ONE would hardly expect to find a museum of miniature models slap bang in the middle of the sprawling Silicon Valley that has developed in recent years in the western Jezreel Valley town of Yokne’am.
However, housed in one of the none-too-elegant glass-fronted multi-storey purpose-built seats of hi-tec a short drive from Haifa, one can find The Great Mini World Museum, a collection of painstakingly created scenes of yesteryear’s Jewish Europe and much more — the work of 95-year-old German-born Haifa resident Moshe (Herbert) Samter.
Samter’s daughters, Anat Orland, a graphic designer who also creates decorative furniture for private homes and offices, and Edna Yahav, an artist working in wood and clay, opened the museum together with their brother, Uri Zamir, who is also a multi-disciplinary artist.
“Our father has always had an unlimited source of creative ideas,” explains Anat to a visiting group of Israeli pensioners, who strongly identified with many of the micro scenes from the rich Jewish cultural and religious life in pre-Holocaust Europe — where many of the visitors’ parents were born.
“When he retired 30 years ago, our father began to convert his dreams into reality in the form of a rich visual world of miniature models from natural materials he would gather when out walking forest tracks, along the sea shore. All over the place he would simply pick up what most people would see as junk,” they explain.
An old pharmacists in pre-war Germany is among some of the fascinating and captivating scenes of a disappeared world arranged in separate boxed off long glass-fronted showcases around the spacious museum.
Scores of tiny white porcelain jars sit on the wooden shelving at the back of the pharmacists, the man himself decked in his white overall, proudly standing behind a highly-polished wood and brass countertop ready to serve customers seeking a cure for anything from the common cold to more serious ailments.
A replica of the shoe store where Moshe’s father worked in Germany, leather shoes, leather-covered stools for customers to sit comfortably while trying on eagerly-sought bargains, shoe boxes stacked to the ceiling, come alive when reading a note penned by the artist creator of yore.

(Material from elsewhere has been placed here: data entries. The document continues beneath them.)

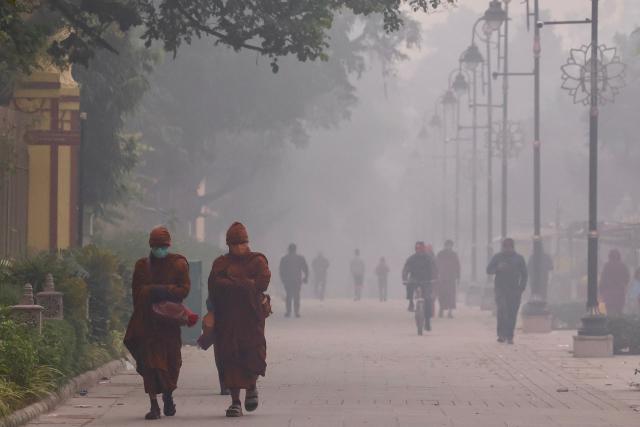 Monks wearing anti-pollution masks walk along a street on a smoggy morning in Sarnath on the outskirts of Varanasi on December 14, 2025. (Photo by Niharika KULKARNI / AFP)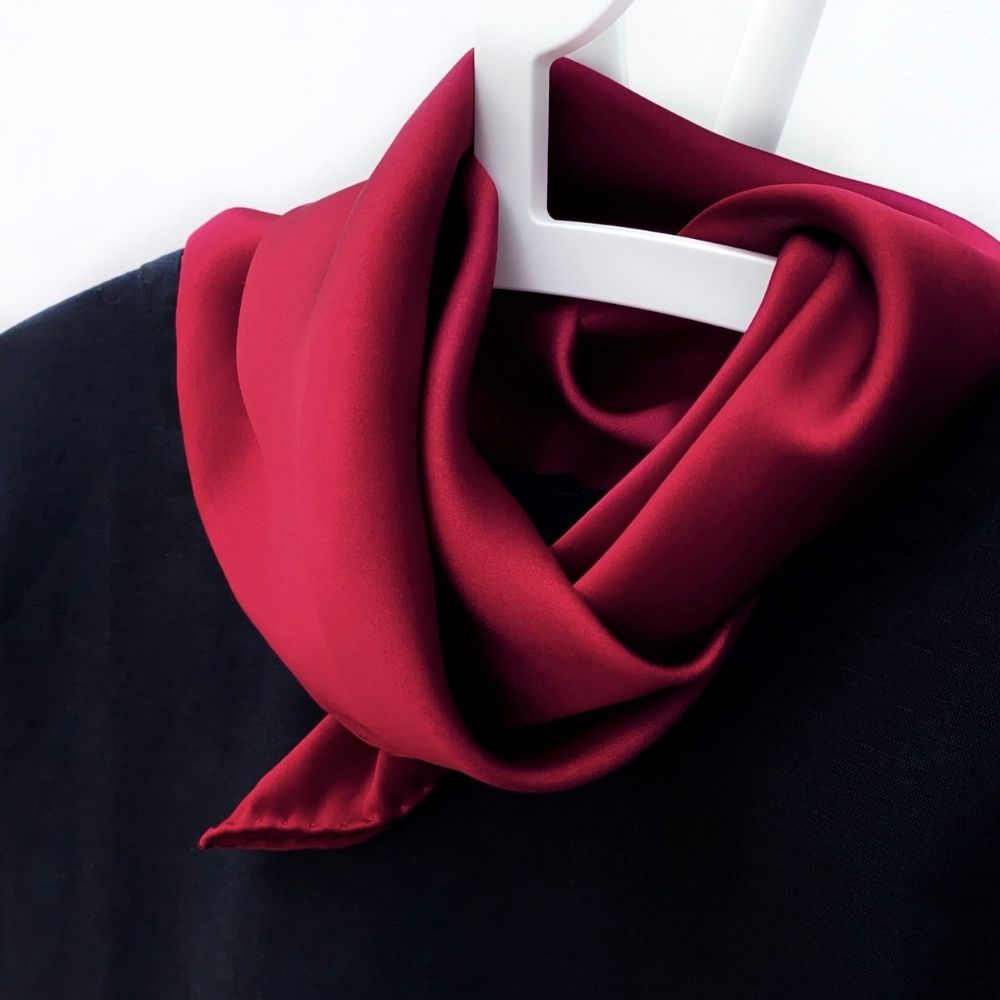 Berry red silk satin scarf tied neatly around a black top on a hanger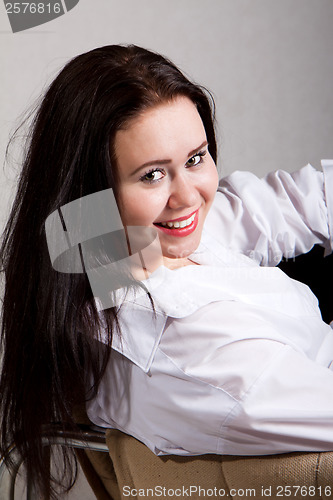 Image of Portrait of long-haired woman in a white men's shirt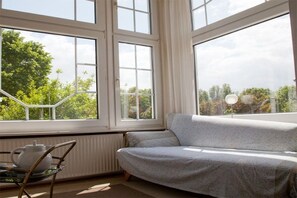 A room with a large window, a sofa, and a table with a teapot. - Holiday home with 4 bedrooms (Jemgum-Ditzum)
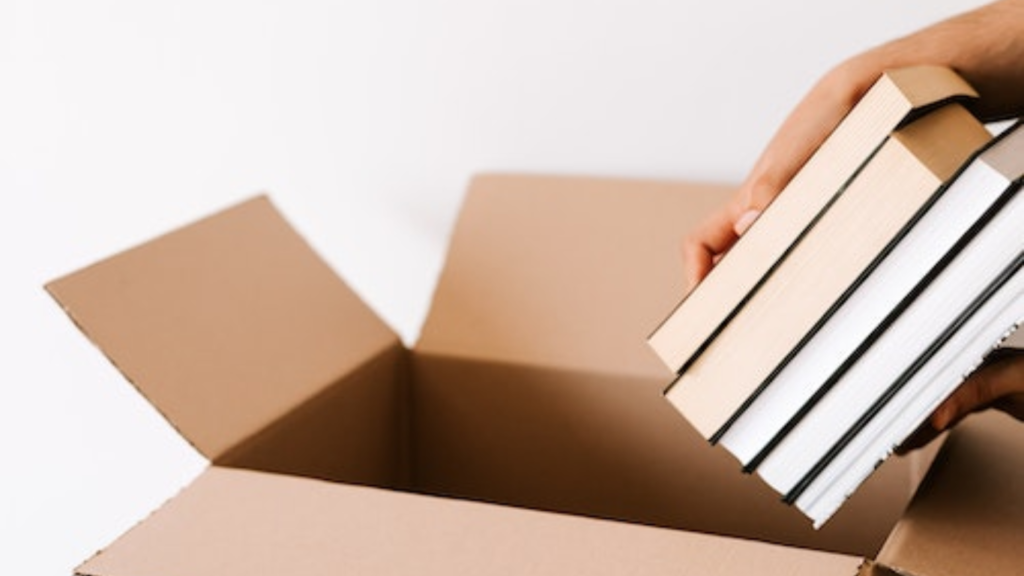 An open cardboard box with a hand placing a stack of neatly aligned books inside, symbolizing the potential to 'Make Money Reading Books' by offering e-book formatting and design services to authors and publishers seeking to digitalize their manuscripts professionally.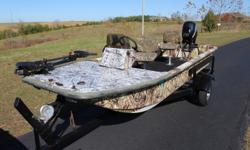 1997 Carolina Skiff 165,
Fiberglass camo boat with new carpet, everything updated and replaced in 2012 including. New 2009 Mercury 30 Hp EFI 4 stroke motor with tilt and trim, new Eagle Cuda 300 graph, Minnkota Edge hand control 45 lb. thrust 12 lb.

In English and Hebrew, at the side of the exhibit, one reads: “This is a replica of the shoe store, ran by my father Julius Josef Samter, in Reichenbach, Germany. Our apartment was on the second floor, right above the store and I used to play in the backyard behind.”
If one looks close enough at the postcard size photo sitting on an easel alongside the mini replica, Moshe can actually be seen peering down at the people in the street below through one of the second floor apartments front windows!
“In 1935 the store was sold and my father remained unemployed,” it reads. “He tried to obtain a license to open his own shoe store, but was refused because he was Jewish.
“The situation of the Jewish people in Germany worsened and my father decided it was better to leave for Israel and so in September, 1936, when I was 13 years old, we emigrated to Israel and settled in Haifa.
His proud daughters told visitors: “Our father has created over 100 different works in the last 30 years and still today he continues to create more tiny pieces that make up the mini-scene he is presently working on — a small space set aside for a workshop in the home for elderly citizens where he is now a much revered resident.”
Apart from scenes inside eastern European synagogues and chassidic folk going about their daily business in the shtetl, culture is celebrated in Moshe Samter’s mini-world in the form of tiny antique furniture arranged in a library or reading room of an obviously wealthy family and also musical instruments, the likes of pianos, violins and guitars, on instrument stands.
For veteran Israelis looking in through the looking glass at the world of Moshe Samter, recognition of not only the scenes, characters and places he portrays in his mini-world comes together with recognition of some of the materials he has used that would probably have been seen as ‘junk’ wherever they had been discarded and scooped up by a delighted Moshe.
What looks like lush carpets under miniature antique furniture in a number of the rooms he has created, travellers on Eged (Israel’s public bus company) of days long gone will recognise the blue chequered pattern, as well as orange, yellow and red striped one, that in the past would have adorned Eged buses.
The eye for detail, the humour, sensitivity, imagination and pathos found in the work of Moshe opens mini-doors to the past, kickstarting one’s memory box into full gear as scenes, smells and stories from the past become the talking point of the day for visitors strolling down Moshe’s so enriching miniature memory lane.